**Required work**
The expected output is a verbatim reprint of the lines from the beginning of the data that follows through the line that contains "Vertical Desktop Sorter".

**Caption-style text data**
=== Section Start ===
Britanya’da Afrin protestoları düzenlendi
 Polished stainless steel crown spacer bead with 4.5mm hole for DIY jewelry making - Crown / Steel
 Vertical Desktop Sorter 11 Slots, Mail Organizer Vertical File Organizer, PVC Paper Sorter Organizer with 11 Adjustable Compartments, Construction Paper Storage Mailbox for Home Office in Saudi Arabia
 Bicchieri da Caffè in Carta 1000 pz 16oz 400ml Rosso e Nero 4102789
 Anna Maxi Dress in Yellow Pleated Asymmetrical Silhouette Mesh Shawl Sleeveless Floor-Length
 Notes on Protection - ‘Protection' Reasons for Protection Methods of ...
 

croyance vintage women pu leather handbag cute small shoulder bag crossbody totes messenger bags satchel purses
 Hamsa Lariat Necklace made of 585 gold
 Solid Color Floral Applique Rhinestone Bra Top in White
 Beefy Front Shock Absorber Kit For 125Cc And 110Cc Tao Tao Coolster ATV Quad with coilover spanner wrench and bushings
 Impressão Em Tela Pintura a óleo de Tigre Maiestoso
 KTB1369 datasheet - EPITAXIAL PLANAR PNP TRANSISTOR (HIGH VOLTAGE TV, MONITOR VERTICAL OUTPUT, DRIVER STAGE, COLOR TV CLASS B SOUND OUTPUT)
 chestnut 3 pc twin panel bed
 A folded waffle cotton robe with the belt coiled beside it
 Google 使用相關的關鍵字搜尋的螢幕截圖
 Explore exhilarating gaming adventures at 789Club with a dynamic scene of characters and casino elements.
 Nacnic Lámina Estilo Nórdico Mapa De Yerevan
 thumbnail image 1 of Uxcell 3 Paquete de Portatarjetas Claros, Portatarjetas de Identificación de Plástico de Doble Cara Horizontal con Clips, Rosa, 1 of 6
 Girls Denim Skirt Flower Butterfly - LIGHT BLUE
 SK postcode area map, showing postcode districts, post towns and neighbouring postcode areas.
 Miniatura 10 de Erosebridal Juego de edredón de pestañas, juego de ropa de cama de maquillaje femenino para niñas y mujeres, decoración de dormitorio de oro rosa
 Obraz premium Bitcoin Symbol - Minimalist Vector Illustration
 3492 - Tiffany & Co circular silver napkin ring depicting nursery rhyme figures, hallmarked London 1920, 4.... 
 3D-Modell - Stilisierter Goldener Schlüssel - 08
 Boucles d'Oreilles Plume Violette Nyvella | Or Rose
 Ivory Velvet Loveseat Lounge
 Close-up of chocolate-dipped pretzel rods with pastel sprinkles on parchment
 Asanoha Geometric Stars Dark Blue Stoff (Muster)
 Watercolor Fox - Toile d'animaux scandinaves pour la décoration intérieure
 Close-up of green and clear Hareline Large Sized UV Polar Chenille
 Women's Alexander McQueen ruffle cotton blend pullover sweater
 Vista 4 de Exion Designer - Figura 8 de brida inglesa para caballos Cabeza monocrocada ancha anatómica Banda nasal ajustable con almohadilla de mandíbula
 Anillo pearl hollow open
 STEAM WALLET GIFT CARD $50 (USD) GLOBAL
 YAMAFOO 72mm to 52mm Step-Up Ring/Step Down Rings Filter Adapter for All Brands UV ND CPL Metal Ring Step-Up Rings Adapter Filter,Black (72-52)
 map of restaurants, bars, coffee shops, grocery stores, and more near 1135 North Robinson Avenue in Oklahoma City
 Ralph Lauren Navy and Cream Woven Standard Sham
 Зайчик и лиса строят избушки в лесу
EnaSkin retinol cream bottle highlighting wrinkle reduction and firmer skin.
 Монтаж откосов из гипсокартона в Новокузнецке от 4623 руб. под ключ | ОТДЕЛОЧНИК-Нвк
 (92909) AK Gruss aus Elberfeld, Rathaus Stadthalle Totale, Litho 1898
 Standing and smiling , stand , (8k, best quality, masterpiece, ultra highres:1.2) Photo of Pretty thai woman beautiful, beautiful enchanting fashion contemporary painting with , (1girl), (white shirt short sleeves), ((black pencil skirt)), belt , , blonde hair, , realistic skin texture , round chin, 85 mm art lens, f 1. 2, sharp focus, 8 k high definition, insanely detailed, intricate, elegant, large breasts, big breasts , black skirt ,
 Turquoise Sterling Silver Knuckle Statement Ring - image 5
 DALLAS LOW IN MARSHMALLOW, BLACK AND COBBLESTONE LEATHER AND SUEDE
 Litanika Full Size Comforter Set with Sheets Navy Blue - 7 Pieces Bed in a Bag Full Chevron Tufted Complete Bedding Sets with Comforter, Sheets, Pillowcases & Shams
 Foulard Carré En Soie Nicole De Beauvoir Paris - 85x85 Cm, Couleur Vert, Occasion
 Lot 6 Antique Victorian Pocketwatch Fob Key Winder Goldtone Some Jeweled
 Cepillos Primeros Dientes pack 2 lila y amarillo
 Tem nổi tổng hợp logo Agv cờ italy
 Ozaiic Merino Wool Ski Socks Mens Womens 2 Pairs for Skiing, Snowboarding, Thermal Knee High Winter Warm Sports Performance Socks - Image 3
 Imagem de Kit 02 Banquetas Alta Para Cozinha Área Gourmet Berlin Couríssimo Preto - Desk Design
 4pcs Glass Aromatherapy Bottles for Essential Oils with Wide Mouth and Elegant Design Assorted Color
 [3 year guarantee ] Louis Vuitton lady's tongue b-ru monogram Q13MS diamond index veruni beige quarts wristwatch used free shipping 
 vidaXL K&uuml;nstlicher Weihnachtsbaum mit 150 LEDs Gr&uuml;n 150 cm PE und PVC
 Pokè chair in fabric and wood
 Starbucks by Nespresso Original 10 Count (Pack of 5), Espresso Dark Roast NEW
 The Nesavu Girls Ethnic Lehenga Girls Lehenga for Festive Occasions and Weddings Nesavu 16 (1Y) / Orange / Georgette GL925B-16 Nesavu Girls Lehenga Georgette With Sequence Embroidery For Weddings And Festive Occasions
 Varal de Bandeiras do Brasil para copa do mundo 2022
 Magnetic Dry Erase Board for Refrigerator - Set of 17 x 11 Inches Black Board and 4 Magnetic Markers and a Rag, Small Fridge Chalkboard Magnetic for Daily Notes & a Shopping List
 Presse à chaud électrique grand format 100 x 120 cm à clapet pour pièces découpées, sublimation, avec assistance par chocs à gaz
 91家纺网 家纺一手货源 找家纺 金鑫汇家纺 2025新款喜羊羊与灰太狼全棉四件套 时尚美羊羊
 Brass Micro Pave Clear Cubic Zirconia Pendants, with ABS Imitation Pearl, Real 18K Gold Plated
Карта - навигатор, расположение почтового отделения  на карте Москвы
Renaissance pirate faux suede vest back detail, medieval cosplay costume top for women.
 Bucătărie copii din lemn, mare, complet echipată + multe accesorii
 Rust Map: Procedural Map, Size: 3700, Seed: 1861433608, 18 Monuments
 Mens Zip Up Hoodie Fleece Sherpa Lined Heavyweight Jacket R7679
=== Section End ===
**Written answer**
Britanya’da Afrin protestoları düzenlendi
 Polished stainless steel crown spacer bead with 4.5mm hole for DIY jewelry making - Crown / Steel
 Vertical Desktop Sorter 11 Slots, Mail Organizer Vertical File Organizer, PVC Paper Sorter Organizer with 11 Adjustable Compartments, Construction Paper Storage Mailbox for Home Office in Saudi Arabia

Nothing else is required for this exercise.